To send a secure email attachment in Gmail:
1. Log in to your Gmail account.
2. Click Compose to start a new message
3. At the bottom of the New Message window click on the lock/clock icon to turn on Confidential Mode
4. In the next pop-up window set the expiration date for your emails and an SMS passcode (the passcode is optional and will be generated by Google.
To set up email forwarding in Gmail follow these steps:
1. Login to your Gmail account.
2. Click the gear icon on the top-right of your Gmail screen to go to Settings.
3. Click on See all settings
4. Select the Forwarding and POP/IMAP tab
5. Next to Forwarding: click on the Add a forwarding address button.

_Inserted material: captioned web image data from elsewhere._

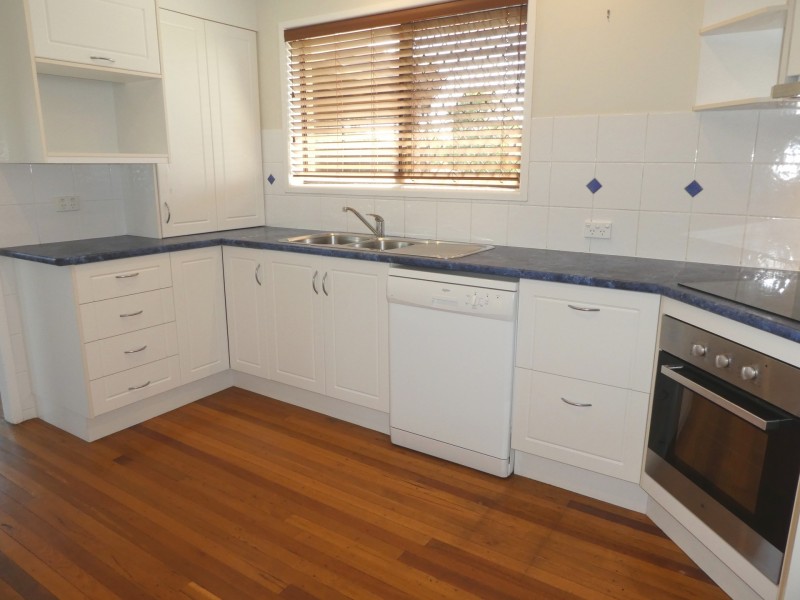 102 Long St, Cleveland QLD 4163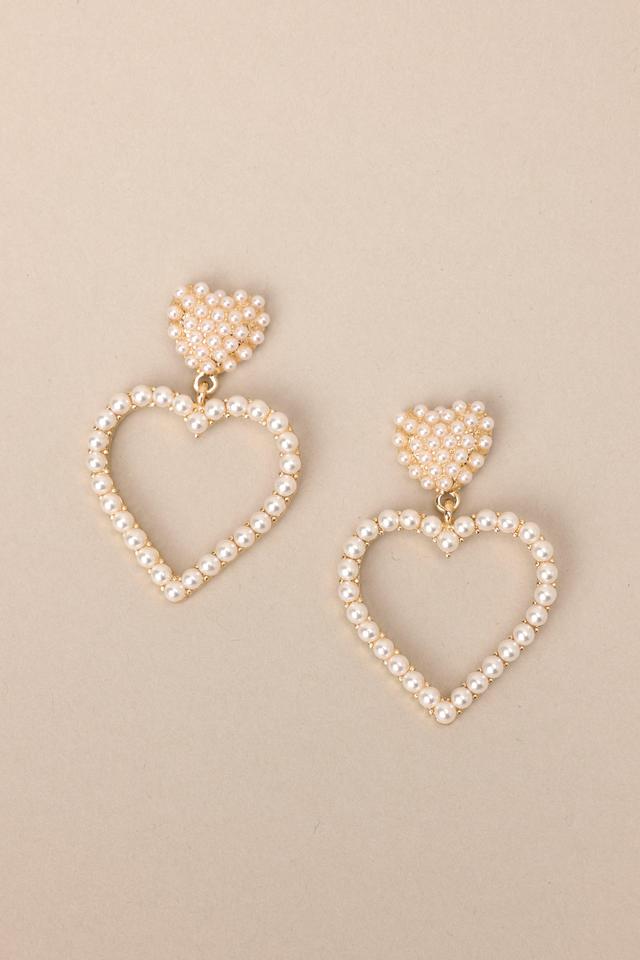 Love and Magic Pearl Earrings Product Image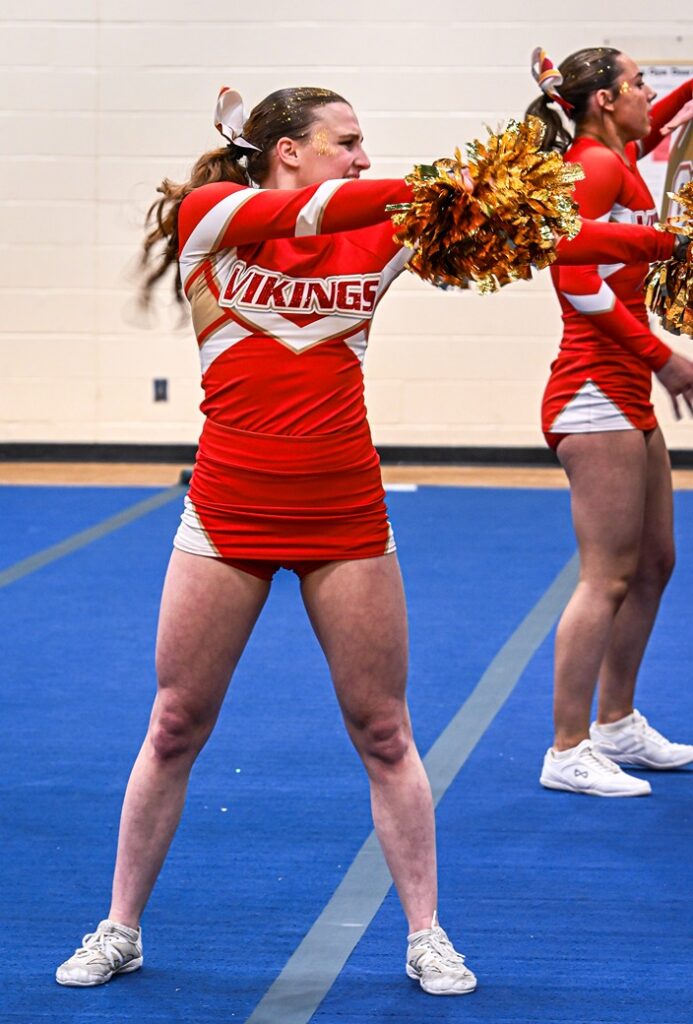 hammarskjold-girls-cheerleading-competition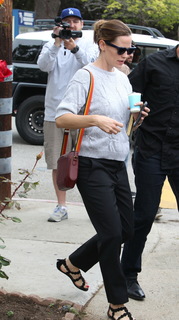 Jennifer Garner feet photo thumbnail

6. In the pop-up window type in the email address that you want to forward to. For example, I’ll use my CTemplar account as a forwarding email.
7. Click Next.
8. In the next window select Proceed.
9. Now go to the inbox of your forwarding email account. You should have received a message from Gmail Team about successfully setting up forwarding from your Gmail address. It will look like this:
10. Click on the link to confirm your request. If you can’t click on the link, highlight and right-click it and then select Go to Address.
11. A new confirmation window will open. Click the Confirm button here.
12. You’ll receive a Confirmation Success! message informing you that you can now forward your Gmail mail to a new email address.